Endogenous tachykinins play a role in IL-1-induced neutrophil accumulation: involvement of NK-1 receptors.

PMID 7503947


Pretreatment of mice with capsaicin resulted in approximately 40% inhibition of the polymorphonuclear leucocyte (PMN) influx elicited by interleukin-1 (IL-1) injected into a murine air-pouch. This inhibition was mimicked by two selective antagonists of neurokinin-1 (NK-1) tachykinin (TK) receptors, i.e. CP-96,345 and RP-67,580, but not by the inactive enantiomer RP-68,651. A selective NK-2 antagonist, SR-48,968, was inactive. The natural peptide, substance P (SP), and a selective NK-1 agonist, (Sar9)SP, induced PMN infiltration into the murine air-pouch, whereas a selective NK-2 agonist, (beta Ala8)NK-A(4-10), was ineffective.
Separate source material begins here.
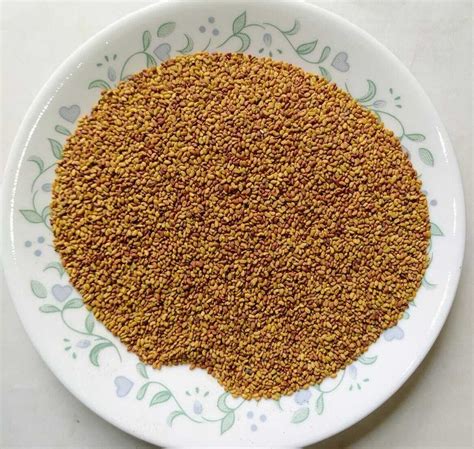 Alfalfa Seed Buy Ayurvedic Products Online Trustherb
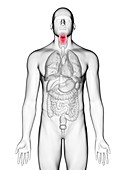 Illustration of a man's larynx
Moreover, SP-induced PMN accumulation was prevented by co-administration of RP-67,580 and CP-96,345, but not by RP-68,651. These findings suggest that the release of an endogenous TK, possibly SP, may occur following IL-1 injection in vivo, indicating a contributory role for neuropeptides in the PMN migration elicited by this cytokine. The action of selective agonists and antagonists suggests the involvement of NK-1 receptors.